The Italian word for “fan” – tifoso — is derived from “typhus”, so it is little wonder that the football bug in Italy spreads rapidly from one person to the other. To satisfy this hunger for football, the corners of the stadium were filled in in 1939 and an extra tier erected on top of the existing stands. 7he result was breathtaking. San Siro could then accommodate 150,000 spectators and thus became the largest stadium in the world – theoretically. Fears about safety in the stadium, however, soon prompted the city of Milan to reduce capacity to 100,000.
The Giuseppe Meazza was given its last facelift for the 1990 FIFA World Cup™. A third tier was added, propped up by eleven cement towers that lead in seemingly endless spirals to the vertiginous second and top tiers. Now completely covered, it can accommodate 82,955 spectators.
Although the appalling state of the battered pitch often gave rise to criticism of the turf among the players, fans have never had cause for complaint about the entertainment provided at the 81-year-old San Siro. It was here that Cameroon humiliated defending champions Argentina 1-0 in the opening match of the 1990 World Cup. And in 1965, the celebrated Grande Inter side, with Mazzola, Corso and Suarez, celebrated their second and most recent triumph in the European Cup by beating Benfica 1-0. Twenty-four years later, AC Milan, armed with the Dutch trio Rijkaard, Gullit and Van Basten and coached by Arrigo Sacchi, swept Real Madrid aside in the same tournament with a crushing 5-0 victory.
But the Giuseppe Meazza has also made history in all sorts of domains outside football. On 1 September 1960, 53,043 spectators watched the World Welterweight Championship fight between Duilio Loi and Carlos Ortis – a European record number which remains unbroken to this day. In 1980, a crowd of 90,000 flocked to see Bob Marley in his only ever concert in Italy. Later on, musical giants such as the Rolling Stones, U2 and Bruce Springsteen packed the arena. In the 1990s, Milanese youngsters twisted and turned to open-air disco music ringing from the main stands.
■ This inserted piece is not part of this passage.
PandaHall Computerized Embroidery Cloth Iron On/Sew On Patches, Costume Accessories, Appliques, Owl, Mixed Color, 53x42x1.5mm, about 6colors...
But nothing will ever detract from its aura as the temple of Italian football. It has been the home ground of such dazzling stars as Giacinto Facchetti, Gianni Rivera, George Weah, Ronaldo, Lothar Matthaus, Kaka, Andrea Pirlo and Clarence Seedorf. “San Siro is like home and, without exaggeration, a place where all kinds of magic can happen,” enthused AC Milan captain Paolo Maldini recently.
At present, Inter Milan are seriously debating the option of building their own stadium. Then the AC Milan fans could call the Giuseppe Meazza their very own. That would only be fair – after all, it was they who built it.